**TASK DESCRIPTION:** From the listing below, output only the lines starting at the line that has "Menu with marked" and ending at the line that has "A bathroom with", exactly as they appear, ends included.
=== Section Start ===
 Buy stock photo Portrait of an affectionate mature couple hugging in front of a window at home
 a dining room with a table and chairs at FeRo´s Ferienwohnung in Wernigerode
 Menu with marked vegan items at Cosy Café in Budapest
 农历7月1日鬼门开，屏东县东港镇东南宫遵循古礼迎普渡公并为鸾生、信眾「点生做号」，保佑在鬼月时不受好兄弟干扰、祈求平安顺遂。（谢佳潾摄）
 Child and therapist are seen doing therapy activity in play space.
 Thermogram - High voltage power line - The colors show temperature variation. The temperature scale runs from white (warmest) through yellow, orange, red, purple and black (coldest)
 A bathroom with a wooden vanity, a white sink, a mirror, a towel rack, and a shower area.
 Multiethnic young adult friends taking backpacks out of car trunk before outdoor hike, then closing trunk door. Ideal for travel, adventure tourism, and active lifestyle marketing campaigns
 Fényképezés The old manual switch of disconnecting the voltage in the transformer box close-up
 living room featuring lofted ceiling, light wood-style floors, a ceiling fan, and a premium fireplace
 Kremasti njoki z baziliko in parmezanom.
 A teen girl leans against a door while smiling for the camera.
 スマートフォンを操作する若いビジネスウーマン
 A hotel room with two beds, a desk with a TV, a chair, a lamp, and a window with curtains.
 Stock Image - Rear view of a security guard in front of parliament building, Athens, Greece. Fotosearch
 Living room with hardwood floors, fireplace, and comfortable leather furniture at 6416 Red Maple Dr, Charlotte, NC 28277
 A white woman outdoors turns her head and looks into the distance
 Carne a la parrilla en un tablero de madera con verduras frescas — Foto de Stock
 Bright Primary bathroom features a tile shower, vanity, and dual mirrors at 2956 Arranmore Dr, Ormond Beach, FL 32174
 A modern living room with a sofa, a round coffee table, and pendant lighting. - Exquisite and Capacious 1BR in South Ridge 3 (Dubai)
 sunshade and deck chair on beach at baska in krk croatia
=== Section End ===
**FINISHED EXERCISE:**
 Menu with marked vegan items at Cosy Café in Budapest
 农历7月1日鬼门开，屏东县东港镇东南宫遵循古礼迎普渡公并为鸾生、信眾「点生做号」，保佑在鬼月时不受好兄弟干扰、祈求平安顺遂。（谢佳潾摄）
 Child and therapist are seen doing therapy activity in play space.
 Thermogram - High voltage power line - The colors show temperature variation. The temperature scale runs from white (warmest) through yellow, orange, red, purple and black (coldest)
 A bathroom with a wooden vanity, a white sink, a mirror, a towel rack, and a shower area.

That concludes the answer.